• [EXERCISE REQUIREMENTS]:
Looking through the listing that follows, count every line with the string "Living" and state the number alone.

• [RAW DATA]:

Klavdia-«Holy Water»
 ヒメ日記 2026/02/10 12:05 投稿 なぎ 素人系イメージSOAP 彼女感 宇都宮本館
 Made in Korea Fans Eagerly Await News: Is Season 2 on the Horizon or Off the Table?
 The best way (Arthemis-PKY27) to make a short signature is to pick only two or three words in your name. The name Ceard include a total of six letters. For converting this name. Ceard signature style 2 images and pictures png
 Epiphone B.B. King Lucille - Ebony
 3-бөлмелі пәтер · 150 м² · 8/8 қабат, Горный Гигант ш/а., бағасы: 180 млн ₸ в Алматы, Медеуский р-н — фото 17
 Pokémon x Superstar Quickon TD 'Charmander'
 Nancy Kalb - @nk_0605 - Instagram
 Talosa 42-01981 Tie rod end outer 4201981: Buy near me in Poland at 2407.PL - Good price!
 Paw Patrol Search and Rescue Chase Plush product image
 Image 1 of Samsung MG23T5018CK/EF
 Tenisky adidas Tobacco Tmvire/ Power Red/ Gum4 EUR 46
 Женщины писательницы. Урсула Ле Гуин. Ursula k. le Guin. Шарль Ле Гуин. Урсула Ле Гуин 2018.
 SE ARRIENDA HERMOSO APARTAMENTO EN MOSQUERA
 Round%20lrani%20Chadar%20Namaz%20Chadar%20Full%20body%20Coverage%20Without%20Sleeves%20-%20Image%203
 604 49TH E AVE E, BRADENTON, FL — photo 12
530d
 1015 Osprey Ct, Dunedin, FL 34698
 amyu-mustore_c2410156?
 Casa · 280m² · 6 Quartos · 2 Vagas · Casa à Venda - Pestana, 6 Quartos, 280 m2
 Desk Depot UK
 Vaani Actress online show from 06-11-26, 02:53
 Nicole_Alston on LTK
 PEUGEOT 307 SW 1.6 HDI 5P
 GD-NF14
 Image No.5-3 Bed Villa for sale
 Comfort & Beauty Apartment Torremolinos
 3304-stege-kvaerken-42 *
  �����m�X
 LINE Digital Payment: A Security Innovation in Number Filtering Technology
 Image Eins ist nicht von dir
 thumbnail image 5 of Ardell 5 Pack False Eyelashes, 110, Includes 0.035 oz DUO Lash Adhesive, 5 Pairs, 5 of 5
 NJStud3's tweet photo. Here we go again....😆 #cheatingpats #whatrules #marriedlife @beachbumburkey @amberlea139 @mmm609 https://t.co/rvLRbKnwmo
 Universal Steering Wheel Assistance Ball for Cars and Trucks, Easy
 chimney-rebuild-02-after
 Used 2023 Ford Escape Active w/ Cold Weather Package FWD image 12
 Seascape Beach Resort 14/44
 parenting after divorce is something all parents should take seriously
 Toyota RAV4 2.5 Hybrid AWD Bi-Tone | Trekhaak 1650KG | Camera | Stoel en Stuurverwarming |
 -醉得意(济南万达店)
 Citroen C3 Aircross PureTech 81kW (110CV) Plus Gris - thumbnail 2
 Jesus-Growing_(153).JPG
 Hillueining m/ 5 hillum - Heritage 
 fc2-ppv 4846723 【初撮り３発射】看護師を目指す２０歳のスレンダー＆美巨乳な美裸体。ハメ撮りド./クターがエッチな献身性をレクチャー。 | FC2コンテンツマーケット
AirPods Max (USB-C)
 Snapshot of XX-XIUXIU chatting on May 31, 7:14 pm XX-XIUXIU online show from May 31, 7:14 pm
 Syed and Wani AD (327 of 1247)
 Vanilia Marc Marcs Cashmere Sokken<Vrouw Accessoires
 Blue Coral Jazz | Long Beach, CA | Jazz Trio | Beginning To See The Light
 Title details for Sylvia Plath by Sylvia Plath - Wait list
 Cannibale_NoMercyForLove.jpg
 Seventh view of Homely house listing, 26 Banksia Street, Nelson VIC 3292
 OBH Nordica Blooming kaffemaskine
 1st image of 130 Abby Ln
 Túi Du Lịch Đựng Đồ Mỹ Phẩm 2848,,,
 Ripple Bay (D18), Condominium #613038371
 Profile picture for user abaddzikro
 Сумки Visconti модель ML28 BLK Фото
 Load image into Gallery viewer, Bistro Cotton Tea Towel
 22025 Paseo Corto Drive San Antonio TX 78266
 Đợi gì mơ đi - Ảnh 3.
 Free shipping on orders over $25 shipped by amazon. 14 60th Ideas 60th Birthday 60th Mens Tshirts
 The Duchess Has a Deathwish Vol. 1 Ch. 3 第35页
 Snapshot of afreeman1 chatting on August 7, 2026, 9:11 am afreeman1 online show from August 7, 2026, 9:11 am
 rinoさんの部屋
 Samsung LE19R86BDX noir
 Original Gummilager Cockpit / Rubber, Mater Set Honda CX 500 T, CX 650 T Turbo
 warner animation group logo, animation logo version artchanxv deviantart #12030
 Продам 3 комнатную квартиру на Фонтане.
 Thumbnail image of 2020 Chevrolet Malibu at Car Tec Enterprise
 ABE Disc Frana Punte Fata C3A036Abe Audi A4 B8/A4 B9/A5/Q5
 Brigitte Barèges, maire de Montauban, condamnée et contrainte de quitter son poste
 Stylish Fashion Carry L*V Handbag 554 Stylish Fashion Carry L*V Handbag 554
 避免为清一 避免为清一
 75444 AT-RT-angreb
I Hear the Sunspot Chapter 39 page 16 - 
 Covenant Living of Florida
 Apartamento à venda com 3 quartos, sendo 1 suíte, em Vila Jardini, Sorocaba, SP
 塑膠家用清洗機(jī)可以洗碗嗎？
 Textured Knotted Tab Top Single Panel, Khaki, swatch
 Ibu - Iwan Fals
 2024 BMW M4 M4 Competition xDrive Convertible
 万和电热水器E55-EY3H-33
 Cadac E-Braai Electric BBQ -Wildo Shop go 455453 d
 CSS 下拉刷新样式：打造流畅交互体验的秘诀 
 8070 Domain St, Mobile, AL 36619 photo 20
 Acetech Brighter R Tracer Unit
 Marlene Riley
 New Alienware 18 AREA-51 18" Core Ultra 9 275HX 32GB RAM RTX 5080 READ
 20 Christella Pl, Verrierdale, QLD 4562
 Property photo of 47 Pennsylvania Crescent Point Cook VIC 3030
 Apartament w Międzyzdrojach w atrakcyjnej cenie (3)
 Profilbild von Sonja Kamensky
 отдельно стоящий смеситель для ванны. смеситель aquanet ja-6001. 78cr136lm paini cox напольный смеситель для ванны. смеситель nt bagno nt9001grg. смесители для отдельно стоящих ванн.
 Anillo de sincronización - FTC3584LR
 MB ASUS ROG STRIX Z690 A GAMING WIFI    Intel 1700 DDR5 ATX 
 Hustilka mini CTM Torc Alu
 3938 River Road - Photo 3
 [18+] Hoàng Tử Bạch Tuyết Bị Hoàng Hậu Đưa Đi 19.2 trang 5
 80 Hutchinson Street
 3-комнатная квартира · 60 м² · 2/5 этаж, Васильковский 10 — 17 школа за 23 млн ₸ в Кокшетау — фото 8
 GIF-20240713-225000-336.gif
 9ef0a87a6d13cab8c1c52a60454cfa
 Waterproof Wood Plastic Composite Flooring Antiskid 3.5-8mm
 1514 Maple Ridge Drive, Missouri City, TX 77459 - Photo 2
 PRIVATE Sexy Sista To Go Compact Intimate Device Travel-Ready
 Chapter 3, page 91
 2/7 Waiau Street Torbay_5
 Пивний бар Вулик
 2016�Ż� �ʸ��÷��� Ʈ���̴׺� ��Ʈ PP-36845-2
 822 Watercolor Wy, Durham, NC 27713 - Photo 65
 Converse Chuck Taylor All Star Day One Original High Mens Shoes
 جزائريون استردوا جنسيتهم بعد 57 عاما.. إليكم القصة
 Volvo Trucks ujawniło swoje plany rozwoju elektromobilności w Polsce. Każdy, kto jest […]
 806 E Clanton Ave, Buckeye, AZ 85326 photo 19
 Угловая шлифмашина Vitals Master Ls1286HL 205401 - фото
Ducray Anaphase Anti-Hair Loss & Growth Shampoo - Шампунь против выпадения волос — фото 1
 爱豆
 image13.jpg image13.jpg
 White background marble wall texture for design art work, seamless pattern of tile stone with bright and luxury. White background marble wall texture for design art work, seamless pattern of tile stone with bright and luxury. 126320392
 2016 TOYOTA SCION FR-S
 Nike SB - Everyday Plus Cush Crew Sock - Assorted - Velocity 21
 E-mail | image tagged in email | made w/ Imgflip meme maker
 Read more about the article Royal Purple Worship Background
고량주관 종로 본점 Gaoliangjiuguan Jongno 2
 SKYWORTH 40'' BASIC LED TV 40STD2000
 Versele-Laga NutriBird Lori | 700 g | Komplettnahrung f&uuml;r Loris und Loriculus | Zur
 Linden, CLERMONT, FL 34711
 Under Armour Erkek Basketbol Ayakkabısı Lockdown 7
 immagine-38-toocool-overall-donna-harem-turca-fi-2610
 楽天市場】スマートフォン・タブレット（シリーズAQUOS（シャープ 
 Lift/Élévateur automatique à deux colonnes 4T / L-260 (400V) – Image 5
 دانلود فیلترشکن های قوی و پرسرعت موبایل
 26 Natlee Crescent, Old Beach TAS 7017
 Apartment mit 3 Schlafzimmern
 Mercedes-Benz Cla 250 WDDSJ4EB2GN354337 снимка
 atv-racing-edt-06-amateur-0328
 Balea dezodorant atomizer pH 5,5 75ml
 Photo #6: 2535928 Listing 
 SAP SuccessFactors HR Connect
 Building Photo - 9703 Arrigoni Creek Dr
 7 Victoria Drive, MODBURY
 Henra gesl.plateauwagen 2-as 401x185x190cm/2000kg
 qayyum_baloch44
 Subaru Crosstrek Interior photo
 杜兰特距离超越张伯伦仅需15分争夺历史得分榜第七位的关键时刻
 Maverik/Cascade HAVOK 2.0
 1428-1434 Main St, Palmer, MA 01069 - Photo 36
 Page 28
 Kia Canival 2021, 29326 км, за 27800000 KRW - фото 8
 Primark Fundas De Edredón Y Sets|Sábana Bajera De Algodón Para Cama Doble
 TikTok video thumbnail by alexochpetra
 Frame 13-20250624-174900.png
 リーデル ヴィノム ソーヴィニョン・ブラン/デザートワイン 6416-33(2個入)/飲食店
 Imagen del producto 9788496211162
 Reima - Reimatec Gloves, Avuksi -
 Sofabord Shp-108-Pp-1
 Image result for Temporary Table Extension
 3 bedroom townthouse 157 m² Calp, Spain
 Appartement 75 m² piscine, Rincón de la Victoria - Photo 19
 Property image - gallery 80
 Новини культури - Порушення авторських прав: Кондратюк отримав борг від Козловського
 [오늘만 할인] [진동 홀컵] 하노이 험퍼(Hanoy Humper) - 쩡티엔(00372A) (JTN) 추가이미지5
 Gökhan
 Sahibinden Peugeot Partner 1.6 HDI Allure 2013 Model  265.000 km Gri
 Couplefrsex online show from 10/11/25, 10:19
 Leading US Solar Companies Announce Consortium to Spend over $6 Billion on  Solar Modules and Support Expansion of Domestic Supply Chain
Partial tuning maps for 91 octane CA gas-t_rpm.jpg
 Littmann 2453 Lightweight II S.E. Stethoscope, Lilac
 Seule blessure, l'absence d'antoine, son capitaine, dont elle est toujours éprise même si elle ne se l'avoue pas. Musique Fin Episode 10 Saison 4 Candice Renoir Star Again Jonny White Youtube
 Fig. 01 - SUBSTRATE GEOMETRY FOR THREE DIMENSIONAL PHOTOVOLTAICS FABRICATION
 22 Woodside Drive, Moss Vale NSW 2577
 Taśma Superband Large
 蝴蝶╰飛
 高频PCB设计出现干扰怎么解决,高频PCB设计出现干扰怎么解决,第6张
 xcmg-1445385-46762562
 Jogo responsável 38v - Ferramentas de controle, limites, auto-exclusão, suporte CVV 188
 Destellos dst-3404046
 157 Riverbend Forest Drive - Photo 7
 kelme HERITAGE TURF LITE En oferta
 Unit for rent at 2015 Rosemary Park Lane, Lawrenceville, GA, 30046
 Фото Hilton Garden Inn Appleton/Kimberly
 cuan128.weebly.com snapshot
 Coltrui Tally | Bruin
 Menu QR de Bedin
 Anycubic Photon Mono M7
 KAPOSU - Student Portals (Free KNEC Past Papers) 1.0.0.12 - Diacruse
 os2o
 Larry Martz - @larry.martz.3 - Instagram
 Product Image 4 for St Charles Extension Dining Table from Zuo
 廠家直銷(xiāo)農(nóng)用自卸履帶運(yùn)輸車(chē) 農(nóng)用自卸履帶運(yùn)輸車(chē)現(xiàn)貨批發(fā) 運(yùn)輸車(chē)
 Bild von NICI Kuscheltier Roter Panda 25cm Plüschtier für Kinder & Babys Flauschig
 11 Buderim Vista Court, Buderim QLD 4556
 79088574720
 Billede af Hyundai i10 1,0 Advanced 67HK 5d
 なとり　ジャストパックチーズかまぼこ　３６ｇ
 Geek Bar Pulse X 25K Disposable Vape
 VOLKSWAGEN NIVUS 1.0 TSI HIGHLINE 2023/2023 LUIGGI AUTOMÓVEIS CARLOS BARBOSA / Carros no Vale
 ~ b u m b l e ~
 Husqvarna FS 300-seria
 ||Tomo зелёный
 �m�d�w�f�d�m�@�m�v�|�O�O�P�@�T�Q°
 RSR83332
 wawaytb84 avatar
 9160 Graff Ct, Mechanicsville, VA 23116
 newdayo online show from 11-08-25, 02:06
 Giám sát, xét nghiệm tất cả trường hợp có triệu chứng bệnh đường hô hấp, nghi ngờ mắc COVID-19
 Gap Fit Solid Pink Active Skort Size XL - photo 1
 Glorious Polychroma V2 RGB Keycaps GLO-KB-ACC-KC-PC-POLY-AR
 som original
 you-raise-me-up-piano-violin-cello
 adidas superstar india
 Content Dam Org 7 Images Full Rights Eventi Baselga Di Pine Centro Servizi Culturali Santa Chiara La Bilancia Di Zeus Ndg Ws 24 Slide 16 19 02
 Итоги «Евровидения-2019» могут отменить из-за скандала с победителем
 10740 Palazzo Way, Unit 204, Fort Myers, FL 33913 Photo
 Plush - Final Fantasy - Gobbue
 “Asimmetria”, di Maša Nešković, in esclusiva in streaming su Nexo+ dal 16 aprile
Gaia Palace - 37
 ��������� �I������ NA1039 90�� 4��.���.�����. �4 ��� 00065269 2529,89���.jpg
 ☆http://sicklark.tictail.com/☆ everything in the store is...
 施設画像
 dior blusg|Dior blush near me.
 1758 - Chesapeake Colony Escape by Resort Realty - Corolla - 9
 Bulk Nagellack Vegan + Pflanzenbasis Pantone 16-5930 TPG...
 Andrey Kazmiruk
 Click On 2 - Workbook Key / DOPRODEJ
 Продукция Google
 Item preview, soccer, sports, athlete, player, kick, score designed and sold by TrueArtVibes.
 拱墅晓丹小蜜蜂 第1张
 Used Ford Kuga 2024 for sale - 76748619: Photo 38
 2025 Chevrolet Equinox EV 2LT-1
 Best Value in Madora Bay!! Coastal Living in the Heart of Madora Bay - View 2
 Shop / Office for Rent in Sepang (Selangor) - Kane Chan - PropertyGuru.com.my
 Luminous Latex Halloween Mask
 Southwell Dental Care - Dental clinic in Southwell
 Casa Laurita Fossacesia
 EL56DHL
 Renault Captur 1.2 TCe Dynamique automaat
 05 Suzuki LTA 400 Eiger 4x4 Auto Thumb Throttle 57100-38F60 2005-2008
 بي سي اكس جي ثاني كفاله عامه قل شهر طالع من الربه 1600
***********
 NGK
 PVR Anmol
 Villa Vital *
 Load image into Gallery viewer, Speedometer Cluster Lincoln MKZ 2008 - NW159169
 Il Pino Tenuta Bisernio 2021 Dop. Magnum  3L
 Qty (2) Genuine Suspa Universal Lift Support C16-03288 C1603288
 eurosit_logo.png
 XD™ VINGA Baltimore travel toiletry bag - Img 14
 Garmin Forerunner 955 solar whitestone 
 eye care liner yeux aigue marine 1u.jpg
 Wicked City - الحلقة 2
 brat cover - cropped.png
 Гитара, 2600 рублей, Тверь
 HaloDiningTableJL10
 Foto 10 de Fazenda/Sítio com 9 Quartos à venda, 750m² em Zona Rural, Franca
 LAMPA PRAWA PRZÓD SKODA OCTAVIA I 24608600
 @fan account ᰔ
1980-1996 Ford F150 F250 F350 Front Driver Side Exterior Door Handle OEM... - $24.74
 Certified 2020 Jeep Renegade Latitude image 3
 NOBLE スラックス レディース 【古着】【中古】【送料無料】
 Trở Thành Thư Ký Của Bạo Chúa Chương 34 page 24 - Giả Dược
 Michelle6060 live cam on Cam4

• [RESULT FOR THIS TASK]:
2